Former Australia captain Ricky Ponting has added weight to Kevin Pietersen's claims that a 'bullying' culture existed in the England team set-up.
Among a series of controversial revelations in his new autobiography, Pietersen claimed a clique led by the bowlers made life tough for younger players by demanding apologies for any mistakes they made in the field.
One of the bowlers referred to was Graeme Swann, who has responded by branding Pietersen's book as "codswallop" and claiming "there was absolutely no bullying".
Ponting, however, who captained Australia between 2004 and 2011, has rowed in behind Pietersen’s, saying he witnessed the haranguing of fielders at close quarters.
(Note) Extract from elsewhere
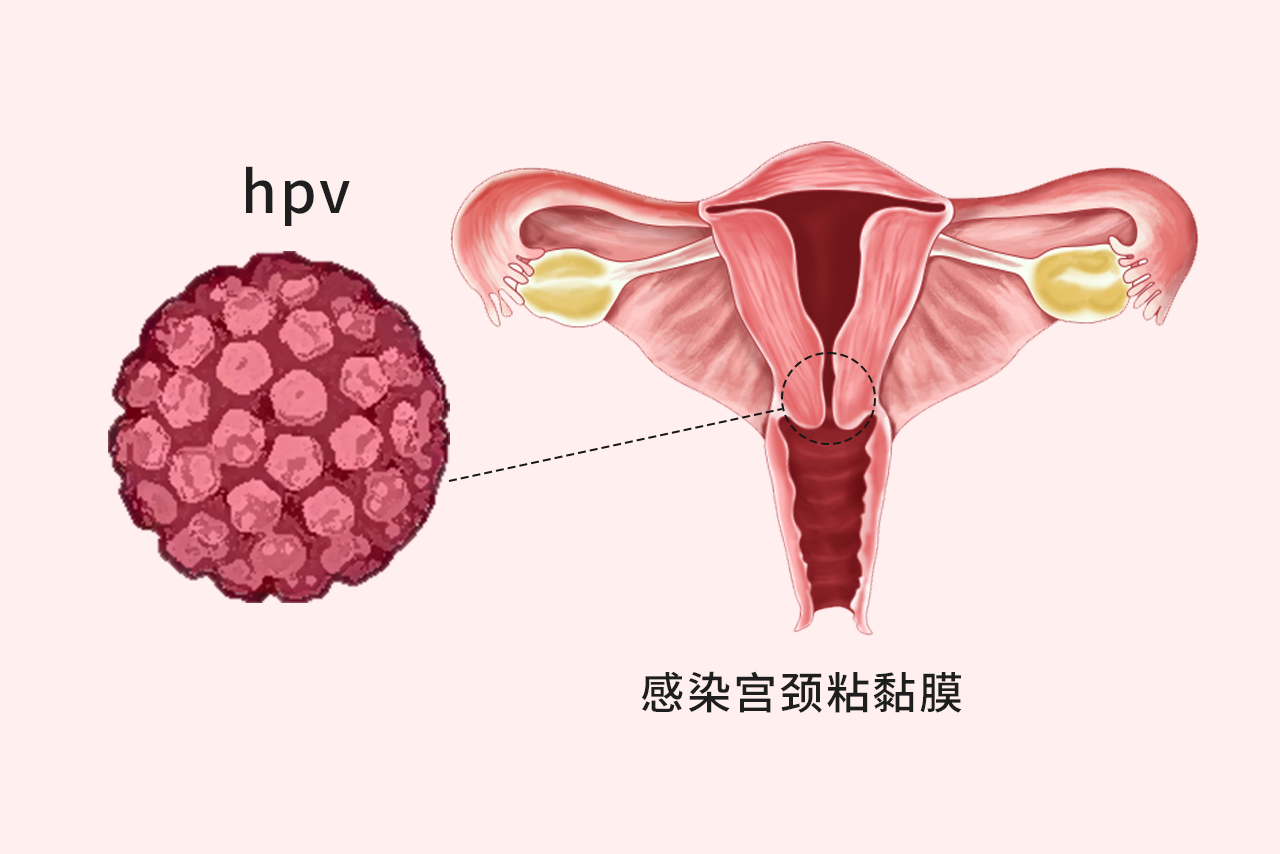 hpv病毒图片初期女性图片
Ponting told Australia's Daily Telegraph: "We saw them doing it, (James) Anderson was always the same, and Swann. The pointing of fingers and you'd hear a few expletives if there was a misfield or a dropped catch. The guys who were doing it were the so-called leaders. That's where the captain has got to come in, not wait and let little things turn into big things. That's what it sounds like has happened in this England team."
Ponting was not involved in the back-to-back Ashes series of 2013 and 2014, which culminated in England’s 5-0 hammering in Australia last winter and saw Pietersen sacked in the aftermath. But the 39-year-old did captain Australia in four previous series and says evidence of bullying had been there some time.
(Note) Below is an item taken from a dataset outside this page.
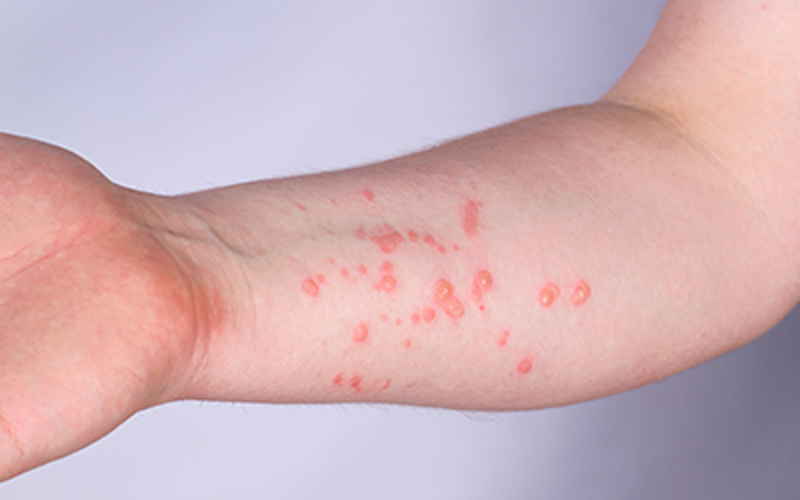 Saúde do Acre descarta caso suspeito de monkeypox e notifica mais um em Rio Branco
He said: “They had a lot of very good players that were able to achieve a lot of success as a team. But if you could just get inside of them and start pulling them apart, we always had a feeling they would implode pretty quickly and that’s what’s happened over the past 12 months.
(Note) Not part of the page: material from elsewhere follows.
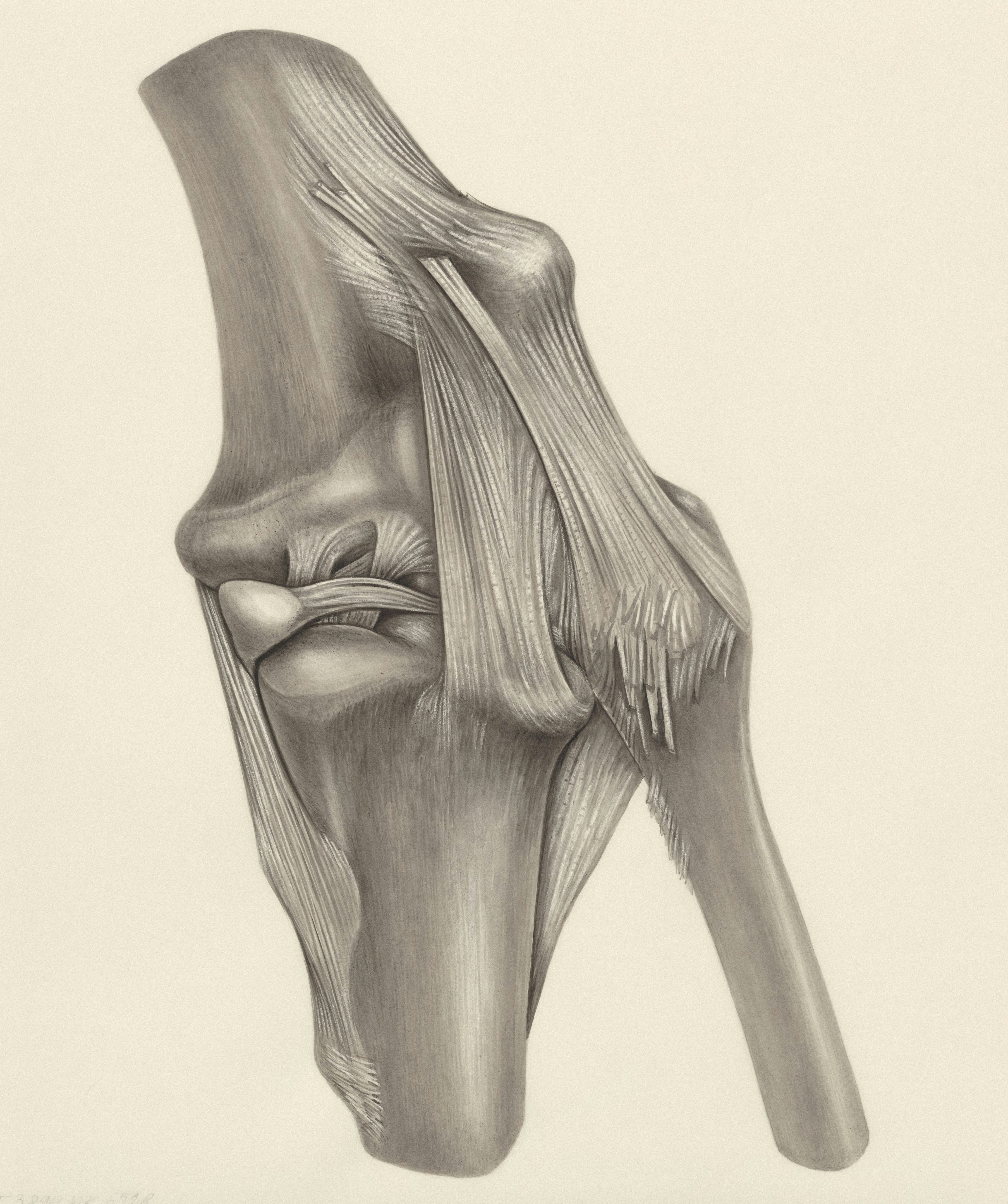 diagram of the muscle tissue which is the root cause of ACL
“I wasn’t surprised with (Jonathan) Trott (leaving the Ashes tour), I wasn’t surprised with Swann retiring when he did. When the ship started to go down, he jumped off pretty quickly, and now all the Pietersen stuff.”
Pietersen tweeted a link to a story containing Ponting’s quotes to his near two million Twitter followers with the remark: “Please read this”
Pietersen has told his side of the story of his sacking in KP: The Autobiography, which goes on sale on Thursday, following the expiry of a confidentiality clause agreed when his England and Wales Cricket Board contract was severed.
The ECB has not commented on Pietersen’s claims, but will come under increasing pressure to do so as the controversy continues to rage.
Pietersen undertook a marathon series of interviews on Tuesday to publicise his book, culminating in a question-and-answer session in front of a live audience of paying guests in Manchester.
As he did so, a document cataloguing his alleged misdemeanours in Australia last winter was apparently leaked to the Cricinfo website.
The ECB stressed it was not a dossier of Pietersen's conduct, as long-rumoured to have been compiled by former coach Andy Flower, but did not deny its allegations.
The report claimed Pietersen broke a curfew, told a physiotherapist he would be keen to return home to rest his problematic knee if England fell 3-0 down and branded Cook as “weak” and “tactically inept”.
It also alleged Pietersen was derogatory about Flower and Swann and suggested his friendship with celebrity journalist and TV host Piers Morgan was unhealthy.
Pietersen, when asked about the document, claimed it was “embarrassing” for the ECB.
One of the entries misspelled captain Alastair Cook’s first name as Alistair.
Pietersen added: “They couldn’t even spell Cooky’s name right. It is a joke. I am done with it. It is so embarrassing I don’t want to give it any thought. I am just getting on with my life.”
Ponting’s remarks come after Nottinghamshire paceman Ajmal Shahzad, who played 11 one-day internationals and one Test between 2010 and 2011, also added credence to Pietersen’s assertions, referring to a culture of forced apologies.
Wicketkeeper Matt Prior, another player heavily criticised by Pietersen over the issue, has said he will have his right of reply in due course.